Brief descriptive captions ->
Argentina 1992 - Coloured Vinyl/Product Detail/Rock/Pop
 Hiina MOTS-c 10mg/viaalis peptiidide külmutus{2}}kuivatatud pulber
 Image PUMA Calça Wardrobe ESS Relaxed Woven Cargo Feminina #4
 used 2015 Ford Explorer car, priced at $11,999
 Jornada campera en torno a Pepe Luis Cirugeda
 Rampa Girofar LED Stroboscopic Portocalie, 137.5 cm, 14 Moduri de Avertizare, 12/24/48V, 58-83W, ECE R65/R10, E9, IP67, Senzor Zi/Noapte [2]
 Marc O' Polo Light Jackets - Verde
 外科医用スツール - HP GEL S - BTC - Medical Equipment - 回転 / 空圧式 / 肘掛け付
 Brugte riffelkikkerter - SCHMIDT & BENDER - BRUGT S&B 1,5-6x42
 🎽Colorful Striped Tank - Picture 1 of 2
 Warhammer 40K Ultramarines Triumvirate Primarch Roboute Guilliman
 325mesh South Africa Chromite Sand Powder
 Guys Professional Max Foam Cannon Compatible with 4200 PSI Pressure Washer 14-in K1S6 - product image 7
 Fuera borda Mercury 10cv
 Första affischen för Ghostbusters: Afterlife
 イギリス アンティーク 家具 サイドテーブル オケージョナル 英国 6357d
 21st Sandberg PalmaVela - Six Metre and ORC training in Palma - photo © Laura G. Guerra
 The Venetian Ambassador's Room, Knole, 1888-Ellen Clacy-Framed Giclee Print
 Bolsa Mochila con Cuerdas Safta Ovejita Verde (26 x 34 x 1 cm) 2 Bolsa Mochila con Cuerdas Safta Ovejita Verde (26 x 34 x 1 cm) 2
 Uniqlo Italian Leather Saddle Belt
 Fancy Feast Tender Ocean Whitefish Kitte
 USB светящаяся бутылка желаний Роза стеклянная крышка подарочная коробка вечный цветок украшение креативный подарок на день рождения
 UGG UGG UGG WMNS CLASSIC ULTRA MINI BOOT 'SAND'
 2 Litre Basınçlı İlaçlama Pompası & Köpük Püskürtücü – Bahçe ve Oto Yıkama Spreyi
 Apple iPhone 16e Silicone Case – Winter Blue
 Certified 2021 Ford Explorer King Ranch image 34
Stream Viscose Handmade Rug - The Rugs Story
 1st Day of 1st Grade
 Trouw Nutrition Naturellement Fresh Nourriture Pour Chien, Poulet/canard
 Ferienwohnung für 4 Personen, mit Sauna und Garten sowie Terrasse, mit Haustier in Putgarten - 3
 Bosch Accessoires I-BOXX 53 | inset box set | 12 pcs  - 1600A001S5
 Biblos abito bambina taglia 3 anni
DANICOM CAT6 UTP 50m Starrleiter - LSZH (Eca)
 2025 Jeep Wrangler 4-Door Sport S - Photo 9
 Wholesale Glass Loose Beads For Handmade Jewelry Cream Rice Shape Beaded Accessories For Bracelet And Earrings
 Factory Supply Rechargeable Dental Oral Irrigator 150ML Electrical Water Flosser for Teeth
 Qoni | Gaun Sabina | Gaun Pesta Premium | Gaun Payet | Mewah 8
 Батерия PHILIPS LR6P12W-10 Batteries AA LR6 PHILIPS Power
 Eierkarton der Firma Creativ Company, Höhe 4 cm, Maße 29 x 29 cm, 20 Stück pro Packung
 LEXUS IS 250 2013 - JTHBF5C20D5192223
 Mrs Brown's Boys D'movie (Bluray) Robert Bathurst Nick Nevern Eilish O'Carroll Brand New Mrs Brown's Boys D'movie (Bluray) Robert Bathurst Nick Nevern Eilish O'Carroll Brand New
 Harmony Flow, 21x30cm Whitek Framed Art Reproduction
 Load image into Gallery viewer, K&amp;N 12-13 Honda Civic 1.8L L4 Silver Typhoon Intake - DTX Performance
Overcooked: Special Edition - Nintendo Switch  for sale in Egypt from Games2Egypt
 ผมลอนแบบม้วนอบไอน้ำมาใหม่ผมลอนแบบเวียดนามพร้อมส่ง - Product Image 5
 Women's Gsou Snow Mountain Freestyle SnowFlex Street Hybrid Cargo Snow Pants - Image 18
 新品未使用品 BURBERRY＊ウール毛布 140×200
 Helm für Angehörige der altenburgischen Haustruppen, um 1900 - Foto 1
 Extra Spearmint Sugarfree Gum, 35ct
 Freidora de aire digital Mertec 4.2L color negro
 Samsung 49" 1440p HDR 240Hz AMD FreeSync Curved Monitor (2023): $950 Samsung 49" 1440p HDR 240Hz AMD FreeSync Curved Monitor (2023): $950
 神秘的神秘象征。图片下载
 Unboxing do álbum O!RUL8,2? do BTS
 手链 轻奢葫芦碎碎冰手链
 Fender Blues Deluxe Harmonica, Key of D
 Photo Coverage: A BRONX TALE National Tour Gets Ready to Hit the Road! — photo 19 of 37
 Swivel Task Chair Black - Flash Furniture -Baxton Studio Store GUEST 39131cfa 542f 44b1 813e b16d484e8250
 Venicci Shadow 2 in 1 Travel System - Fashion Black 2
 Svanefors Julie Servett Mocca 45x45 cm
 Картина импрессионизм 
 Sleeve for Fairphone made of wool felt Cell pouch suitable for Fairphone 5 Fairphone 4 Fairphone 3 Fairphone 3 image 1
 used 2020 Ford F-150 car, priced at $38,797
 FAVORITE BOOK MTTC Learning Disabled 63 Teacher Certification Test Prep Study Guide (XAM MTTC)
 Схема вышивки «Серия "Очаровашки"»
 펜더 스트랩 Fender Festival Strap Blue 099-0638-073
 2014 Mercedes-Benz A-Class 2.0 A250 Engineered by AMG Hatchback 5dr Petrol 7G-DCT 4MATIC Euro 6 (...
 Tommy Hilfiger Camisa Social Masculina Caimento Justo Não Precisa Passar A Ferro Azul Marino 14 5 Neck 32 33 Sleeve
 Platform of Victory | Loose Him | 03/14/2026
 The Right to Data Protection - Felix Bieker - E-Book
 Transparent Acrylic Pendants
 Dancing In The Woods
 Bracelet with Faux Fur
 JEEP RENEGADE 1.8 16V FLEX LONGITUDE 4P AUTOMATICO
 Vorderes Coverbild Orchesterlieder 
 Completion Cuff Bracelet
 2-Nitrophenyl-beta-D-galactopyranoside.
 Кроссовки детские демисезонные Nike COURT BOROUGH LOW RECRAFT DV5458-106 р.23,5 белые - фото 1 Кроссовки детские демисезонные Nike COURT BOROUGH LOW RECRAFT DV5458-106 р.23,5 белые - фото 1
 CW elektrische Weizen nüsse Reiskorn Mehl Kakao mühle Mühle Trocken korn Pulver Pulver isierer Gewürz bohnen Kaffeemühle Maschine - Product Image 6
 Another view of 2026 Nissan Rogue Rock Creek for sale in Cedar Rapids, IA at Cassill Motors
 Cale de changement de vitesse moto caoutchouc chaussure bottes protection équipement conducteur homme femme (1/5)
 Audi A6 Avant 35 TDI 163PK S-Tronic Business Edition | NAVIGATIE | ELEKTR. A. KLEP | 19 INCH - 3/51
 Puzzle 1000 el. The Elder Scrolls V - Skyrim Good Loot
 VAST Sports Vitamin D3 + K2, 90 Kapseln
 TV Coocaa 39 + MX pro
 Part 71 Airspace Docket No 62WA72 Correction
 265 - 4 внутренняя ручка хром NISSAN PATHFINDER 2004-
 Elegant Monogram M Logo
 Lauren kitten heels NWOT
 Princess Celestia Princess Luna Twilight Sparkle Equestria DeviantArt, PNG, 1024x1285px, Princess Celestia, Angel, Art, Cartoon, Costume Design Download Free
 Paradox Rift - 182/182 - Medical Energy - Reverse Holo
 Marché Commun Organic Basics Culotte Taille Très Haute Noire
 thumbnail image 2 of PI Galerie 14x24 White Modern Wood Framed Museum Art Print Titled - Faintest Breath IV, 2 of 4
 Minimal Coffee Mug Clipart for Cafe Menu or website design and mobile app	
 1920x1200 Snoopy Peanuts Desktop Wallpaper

Exercise brief -> Above are some records; copy each line there that contains "Medical".

Response to the exercise ->
 外科医用スツール - HP GEL S - BTC - Medical Equipment - 回転 / 空圧式 / 肘掛け付
 Paradox Rift - 182/182 - Medical Energy - Reverse Holo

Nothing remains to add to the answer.